From the series, prefers The Lost German Mine and its continuation, The ghost of the golden bullets. “I also really like the albums of the cycle that starts with Broken nose until The last letter (The long march Y The ghost tribe) ”. Blain notes that his main challenge in making Blueberry has been drawing more realistic. “It requires great concentration, but I’ve gotten used to it, the next volume will be better, I’m making progress.”

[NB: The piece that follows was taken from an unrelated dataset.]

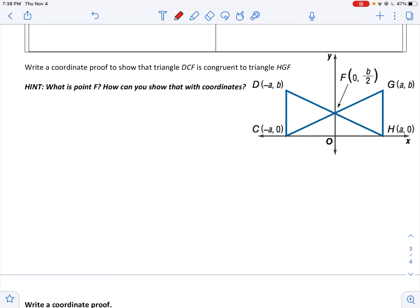Hi, welcome back to our honors geometry series. In this video, we're going to do a couple more examples on coordinate proofs.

Do you prefer the Apaches or the Sioux, who starred in another of Blueberry’s famous cycles, The iron horse? Of course, the Apaches are more essential… “I prefer them, because they live in rocky and desert places, on the edge of the fantastic. I love drawing cannons. The landscapes of the southwestern United States fascinate me. I feel good there. I have made many trips to those places ”. As for having opted for a drawing closer to that of the series’ origins instead of the clearer and more virtuosic of the later albums, he points out: “It’s a personal choice. Not that I wanted to copy Giraud, I wanted a line that evoked him. A drawing close to that of the sixties. Although I, as a reader, prefer a Blueberry drawing more in the Moebius style ”.

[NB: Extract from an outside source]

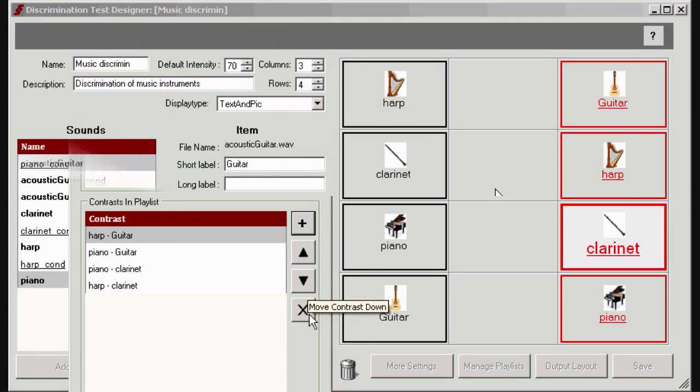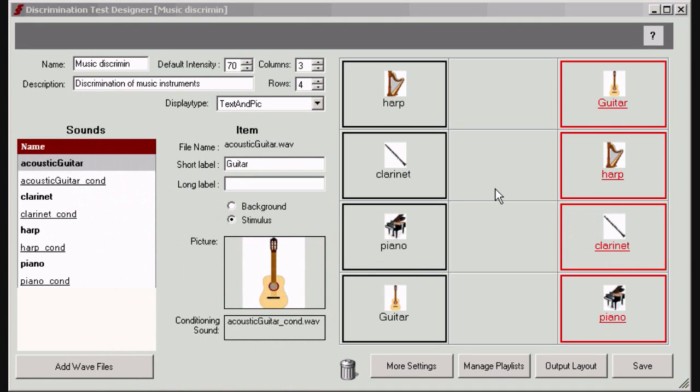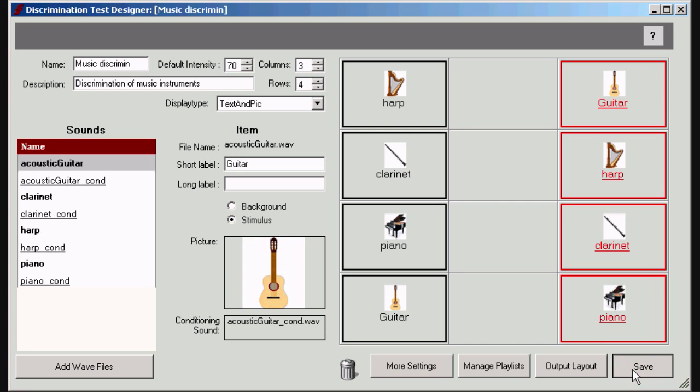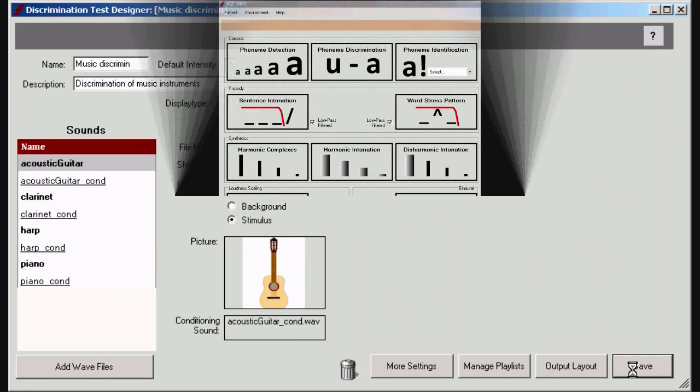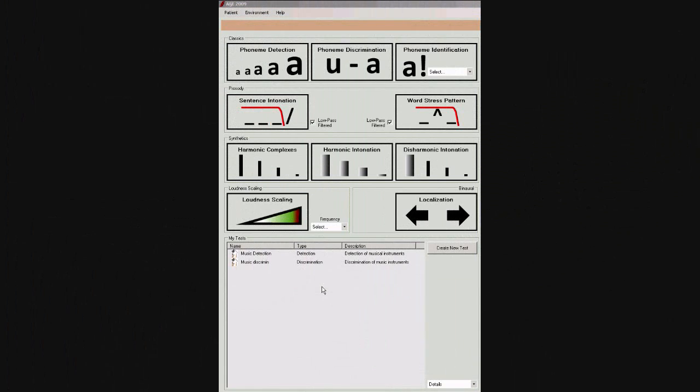Press the save button to save the test and return to the main screen. Please be patient. The saving of the new test can take a while. Your new test appears in this window and is available to be used.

What margin of innovation have you had for Rencor apache and what is the possibility of novelty? “Our history may be harsher in certain aspects, we are talking about rapes, murders of women, for example. Originally, Blueberry was aimed at teenagers in the 1960s. But we are not really innovating, we are simply in a changing society. Charlier wrote different adventures. After his death in 1989, Giraud wrote harsher stories in recent years. blueberrys”.

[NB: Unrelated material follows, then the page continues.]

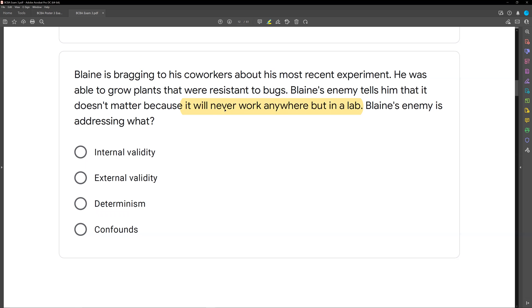Blaine's enemy isn't saying the experiment isn't effective in the lab — maybe he was able to grow plants resistant to bugs. Blaine's enemy is saying: sure, you can do it in the lab, but it's never going to generalize. When we talk about generalizing an experiment or taking it to a different setting or environment, we're not talking about internal validity. Internal validity has to do with functional control — us controlling what's happening in that experimental setting. We're talking about external validity.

Does Blain believe there is a place in today’s world for Blueberry? How can the old lieutenant approach the new generations? And the female audience? In Rencor apache there are several very strong women … “I don’t know, maybe the presence of those female characters helps, indeed.” On his personal influences to make Blueberry, he explains: “Movies like Ulzana’s Revenge, from which I have taken some of the characters, The fort of the slaughter, The invincible legion, Fort Apache, Hostiles… ”. The fact that Colonel Tyreen of Fort Navajo explains to Blueberry that as a young man he persecuted the rebel Toriano Apache, refers to Bonfire of hatred. And what is the secret to drawing a good western action scene? “It should not be spread over too many pages, or be too verbose, or too silent.”
Eddie is an Australian news reporter with over 9 years in the industry and has published on Forbes and tech crunch.